CON GLI OMBRELLI CONTRO IL GOLIA CINESE

[3 articoli] –
Hong Kong è paralizzata e la protesta non fa che crescere, richiamando di ora in ora nuovi sostenitori che si oppongono al sistema elettorale imposto da Pechino e chiedono un suffragio «libero e universale».
Decine di migliaia di manifestanti hanno bloccato le principali strade dell’ex colonia britannica e la notte di guerriglia combattuta dalla polizia con gas lacrimogeni, spray al pepe e manganelli non è bastata a disperdere la folla. Ieri duecento linee di autobus sono state bloccate o deviate, il traffico interrotto, la metropolitana chiusa, molte scuole hanno sospeso le lezioni, alcune banche e uffici non hanno aperto.
«Vogliamo solo la democrazia, staremo qui finché il governo non ci darà risposte», dicono due giovanissimi volontari che distribuiscono acqua, frutta e biscotti ai partecipanti alla protesta. In molti hanno deciso di scendere in piazza dopo che la polizia ha iniziato a sparare lacrimogeni e pallottole di gomma contro le manifestazioni pacifiche. «È incredibile quante persone sono uscite… qui a Mongkok ci sono tutti: tanto i camionisti che i gestori dei ristoranti dove vanno a mangiare, i meccanici, la classe media. Insomma, tutti: la violenza della polizia ha fatto infuriare chi non avrebbe mai partecipato a una manifestazione», dice Cheung Kit, manifestante. «Tutti dicono la stessa cosa: questi comportamenti violenti non corrispondono a Hong Kong. Questa non può essere la nostra Hong Kong», aggiunge, e porta la figlia di sei anni a passeggiare per le strade per «una lezione di educazione civica».

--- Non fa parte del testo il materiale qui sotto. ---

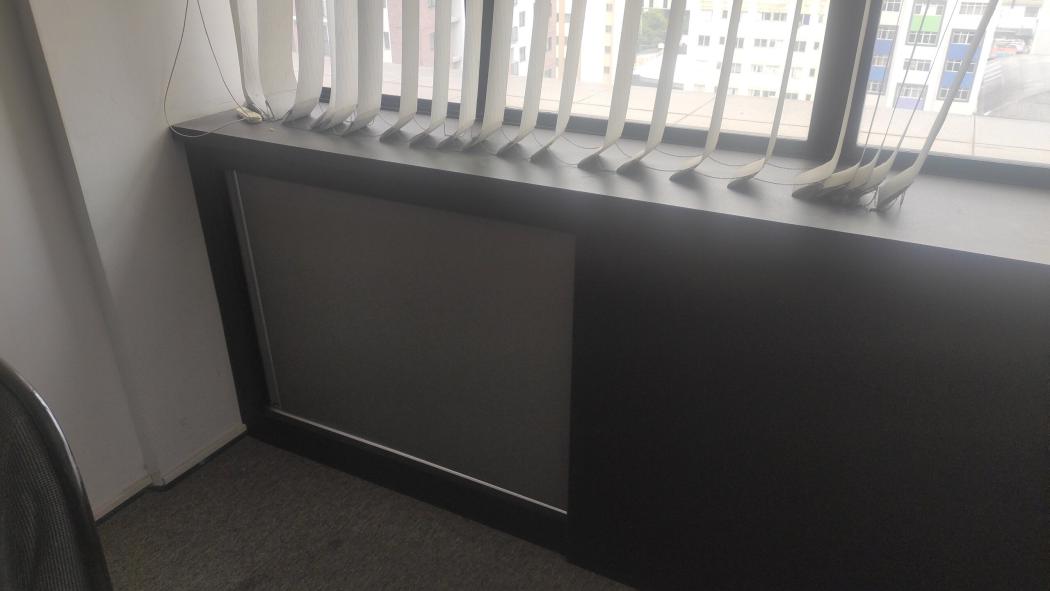 CONJUNTO/SALA COMERCIAL com 1 dormitório para alugar com 46m² por R$ 880,00 no bairro Centro - CURITIBA / PR - foto 5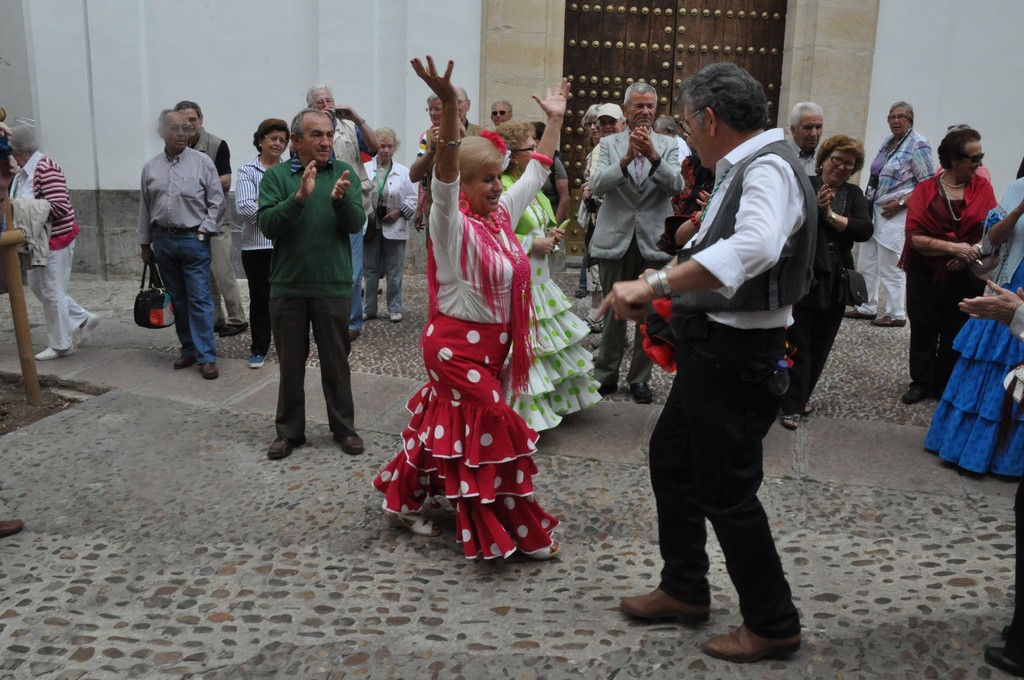 Street Flamenco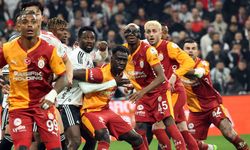 Dev derbide zafer Galatasaray'ın! Lider hata yapmadı! Galatasaray, derbide Beşiktaş'ı devirdi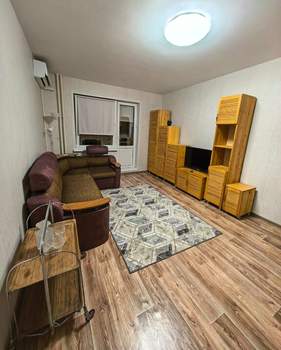 1-к квартира, вторичка, 43м2, 3/16 этаж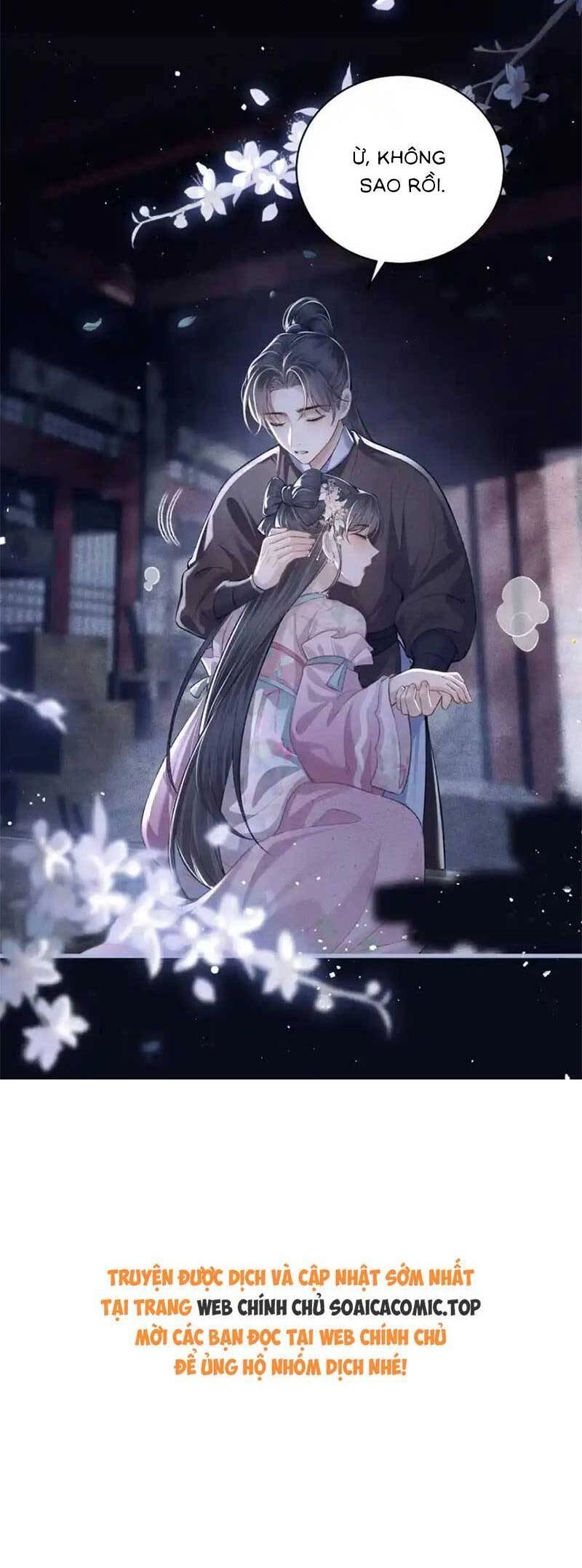 Gả Cho Phản Diện Chapter 28 - 31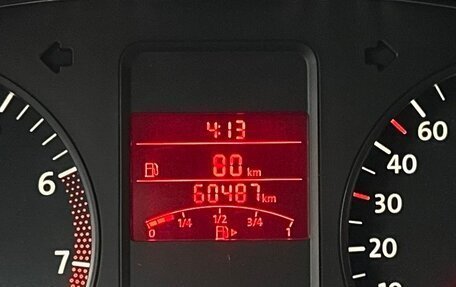 Volkswagen Polo VI (EU Market), 2012 год, 1 090 000 рублей, 27 фотография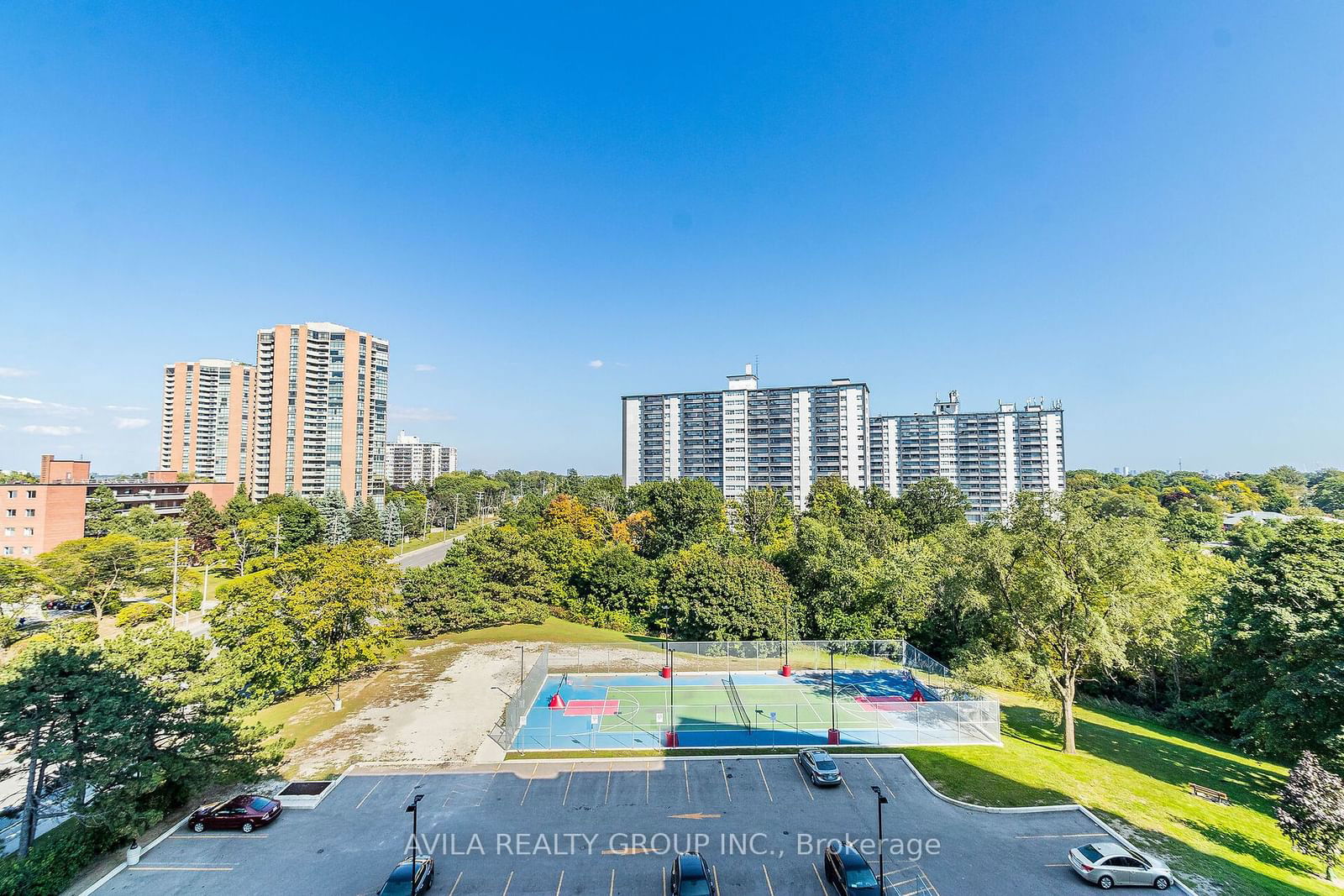 11 Wincott Dr, unit 815 for sale - image #30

E mentre la Cina intima di non interferire negli affari interni agli Stati Uniti - che hanno chiesto «moderazione» e, con il portavoce della Casa Bianca hanno espresso «solidarietà alla popolazione» - si moltiplicano le manifestazioni di sostegno in tutto il mondo. Ieri perfino i cardinali cattolici sono scesi in piazza e ora Pechino si trova ad affrontare una delle sfide politiche più impegnative da piazza Tiananmen, 25 anni fa.
In un estremo tentativo di sedare gli animi, l’esecutivo ha annunciato il ritiro degli agenti in assetto anti-sommossa dalle strade, ma è stato costretto a cancellare le celebrazioni in programma per domani, giornata di festa nazionale.
E mentre rimbalzano su tutti i giornali le immagini del rispetto che i dimostranti mostrano per le regole – raccolgono la spazzatura e la separano per il riciclaggio, non calpestano le aiuole, non saccheggiano negozi, rompono vetrine o bruciano auto e cassonetti – la protesta che attraversa tutti gli strati sociali della penisola da ieri ha un nome e un simbolo, adottato immediatamente dai manifestanti e rimbalzato online su tutti i social: «The Umbrella Revolution», la rivoluzione dell’ombrello. Gli ombrelli, ottimi per proteggersi dal sole cocente dell’estate di Hong Kong (o dalle frequenti piogge) sono diventati l’accessorio indispensabile dei ragazzi che stanno bloccando il centro per proteggersi dai lacrimogeni e dagli spray urticanti e simbolo stesso del movimento di disobbedienza democratica.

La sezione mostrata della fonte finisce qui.